Alla luce di questi principi, nel caso di specie, ove già si è creato il
giudicato circa l’esistenza del danno da perdita di chance quale
conseguenza delle non corrette modalità di gestione della procedura
selettiva (v. la sentenza 14.10.00), era onere del dipendente fornire al
giudice elementi tali da consentirgli di effettuare la valutazione
probabilistica circa il raggiungimento del risultato e, quindi, del superiore
inquadramento. Tale prova il ricorrente ha ritento di fornire sulla base
della documentazione già acquista nel precedente giudizio (graduatoria di
tutti gli impiegati partecipanti al concorso, criteri di attribuzione dei
punteggi, ecc.), in forza della quale la Corte di appello, con la sentenza
oggi impugnata ha ritenuto che il Bassi avesse probabilità molto elevate di
essere promosso a funzionario di terzo livello, ove la procedura fosse
stata espletata in modo corretto. Tali probabilità è stata quantificata nella
misura del novanta per cento del totale e ad essa è stata rapportata la
quantificazione del risarcimento per la perdita della chance, in percentuale
analoga delle differenze non percepite a titolo di retribuzione a causa
della mancata promozione (danno retributivo) e a titolo di pensione per
la minore contribuzione previdenziale versata (danno pensionistico).
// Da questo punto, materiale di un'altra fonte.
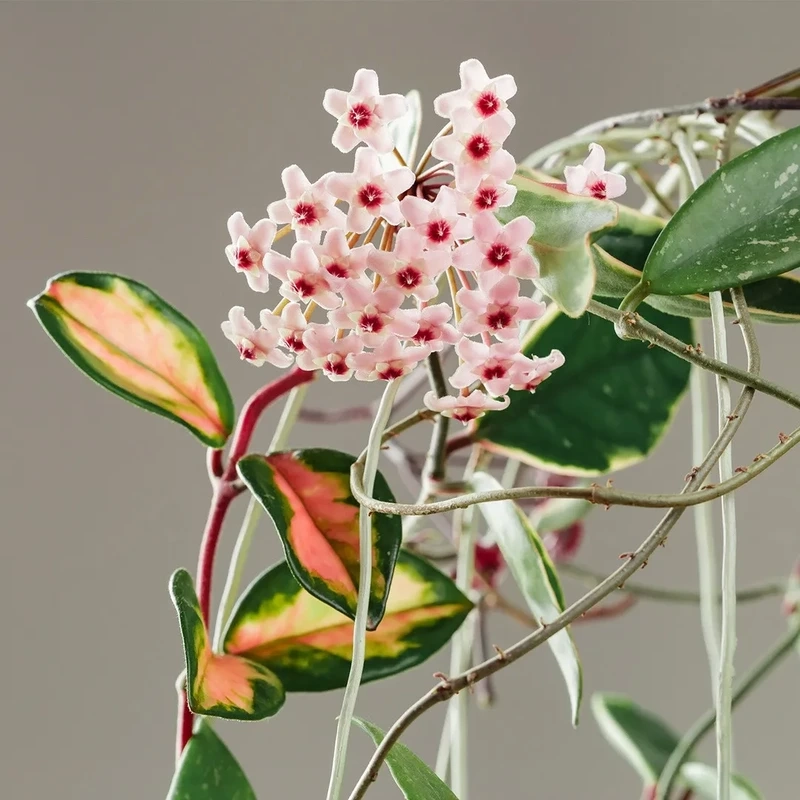 Ngắm vẻ đẹp tinh tế của hoa lan cẩm cù đẹp nhất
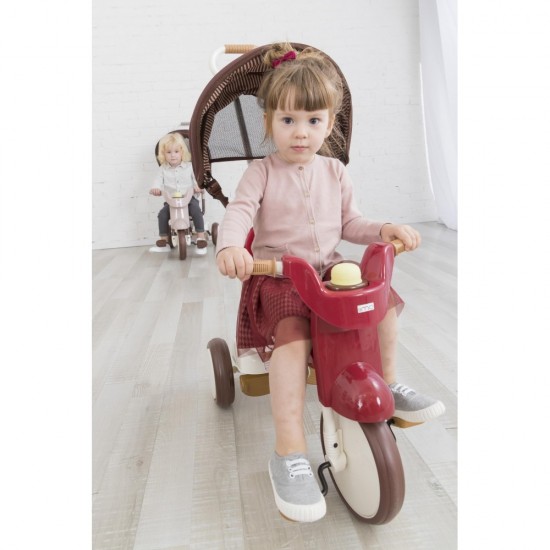 3-in-1 Foldable Tricycle with Canopy (Eternity Red)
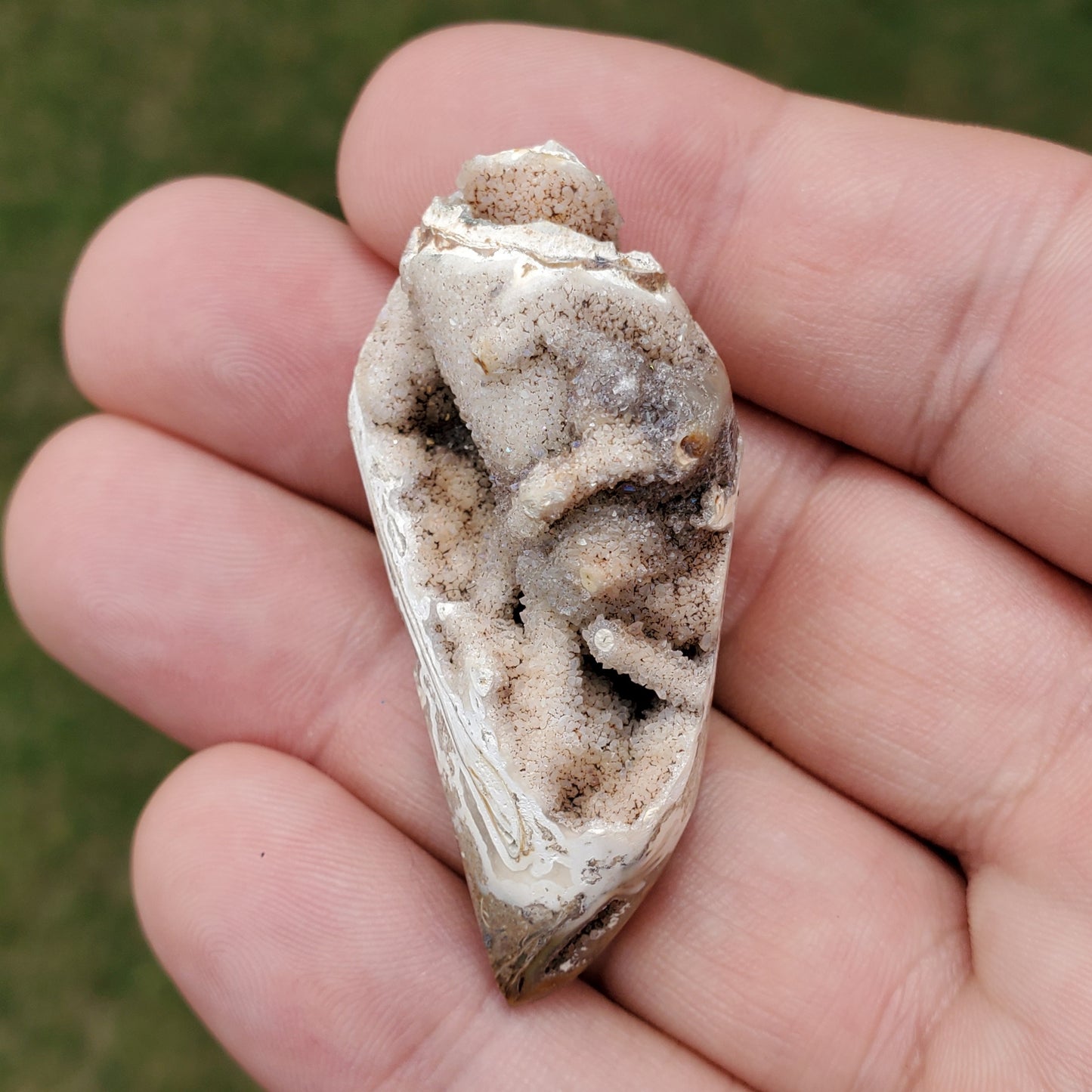 Spiralite Aura Fossil Pendant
Tale iter di quantificazione del risarcimento è corretto tanto sul
piano giuridico, perché adottato in ottemperanza alla sopra richiamata
giurisprudenza, quanto sul piano valutativo, perché argomentato
congruamente e, come, tale è dunque incensurabile in sede di legittimità.
18. Quanto al danno pensionistico, di cui l’Istituto ricorrente con il
sesto e settimo motivo contesta la spettanza, deve rilevarsi che la sua
liquidazione è consequenziale alla liquidazione del danno retributivo,
essendo evidente che, ove fosse stata corrisposta la retribuzione del
superiore livello, il lavoratore avrebbe goduto di una maggiore
contribuzione previdenziale e, in proiezione futura, di una più consistente
prestazione pensionistica.
Il risarcimento in questione — che è rapportato al periodo 1.12.9431.10.05, ovvero al lasso di tempo trascorso tra la cessazione del rapporto
e la proposizione della domanda nel secondo giudizio — in quanto tale,
non deriva dall’effettivo svolgimento della attività lavorativa, ma vale solo
a ristorare il danno da minore versamento di contributi. Pertanto, esso
prescinde dalla maturazione del diritto al godimento di una prestazione
previdenziale di maggiore importo, che nella specie mai avrebbe potuto

nascere, dato che il Bassi mai ha avuto la possibilità di svolgere la attività
lavorativa di livello superiore.
Sono, pertanto, infondati i motivi sesto e settimo, che partono dal
presupposto che il danno pensionistico avrebbe potuto essere concesso
solo se fosse stato accertato il diritto alla promozione ed alla conseguente
maggiore retribuzione.
19. In conclusione, i ricorsi riuniti debbono essere entrambi
rigettati. Tra le due parti costituite le spese del giudizio di legittimità
debbono essere compensate nella misura di un terzo e per il rimanente
debbono essere poste a carico di Unicredit s.p.a., la quale è invece tenuta
per l’intero nei confronti dell’INPS, il cui difensore, in forza della delega
rilasciata in calce alla copia notificata del ricorso, ha partecipato
all’udienza di discussione ed ha presentato le sue conclusioni.
Per questi motivi
La Corte così provvede:
– riunisce i ricorsi e li rigetta;
– compensa tra i due ricorrenti le spese del giudizio di legittimità
nella misura di un terzo e condanna Unicredit s.p.a. al rimanente in
favore di Bassi Mario, nella misura di € 200 (duecento) per esborsi e di €
8.000 (ottomila) per compensi, ed all’intero in favore dell’INPS, nella
misura di € 100 (cento) per esborsi e di € 1.000 (mille) per compensi,
oltre per entrambi Iva e Cpa e spese forfettarie nella misura del 15%.
Ai sensi dell’art. 13, c. 1 quater, del d.P.R. 30.05.02 n. 115, dà atto
della sussistenza dei presupposti per il versamento, da parte del ricorrente
principale e del ricorrente incidentale, dell’ulteriore importo a titolo di
contributo unificato pari a quello dovuto per il ricorso principale ed
incidentale, a norma del c. 1 bis dello stesso art. 13.